Closed davidlange6 closed 2 months ago
Can one of the admins verify this patch?
To get a baseline, I timed the use case which gave origin to this https://cms-talk.web.cern.ch/t/crab-task-queued-on-command-submit-for-a-while/39714 i.e.
primary dataset: /WtoLNu-4Jets_TuneCP5_13p6TeV_madgraphMLM-pythia8/Run3Summer22EEMiniAODv3-124X_mcRun3_2022_realistic_postEE_v1-v2/MINIAODSIM
secondary dataset: /WtoLNu-4Jets_TuneCP5_13p6TeV_madgraphMLM-pythia8/Run3Summer22EEDRPremix-124X_mcRun3_2022_realistic_postEE_v1-v2/AODSIM
primary dataset has 6833 files, secondary dataset has 31962 files code is like
for file in primary: # loop 1
for file in secondary: # loop 2
find parents by matching lumis
I found that each iteration of loop1 takes 15~20 seconds. Of course I killed after a few tens of iterations but all files should be pretty similar.
For a total of the order of 30 hours. (maybe I should have let that task run :grin: !

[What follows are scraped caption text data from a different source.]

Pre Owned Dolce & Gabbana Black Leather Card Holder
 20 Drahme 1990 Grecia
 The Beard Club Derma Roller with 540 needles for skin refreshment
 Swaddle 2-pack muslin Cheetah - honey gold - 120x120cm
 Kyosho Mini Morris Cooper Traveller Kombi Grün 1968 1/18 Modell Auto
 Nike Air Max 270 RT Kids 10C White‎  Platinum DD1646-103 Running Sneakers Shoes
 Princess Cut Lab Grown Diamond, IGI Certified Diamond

With new code (from this PR) time for each iteration went down to 0.15~0.20 seconds. A neat x100 improvement. Looking forward to a "reasonable" 20 minutes for the whole match.
:bowing_man:
Onward to validation
I tested on primary: /DoubleMuon/Run2018B-02Apr2020-v1/NANOAOD secondary: /DoubleMuon/Run2018B-17Sep2018-v1/MINIAOD
and got identical results
After a bit of discussion with @belforte , this is some untested code that shoudl considerably reduce the time spent in checking for overlapping lumis when looking for secondary files.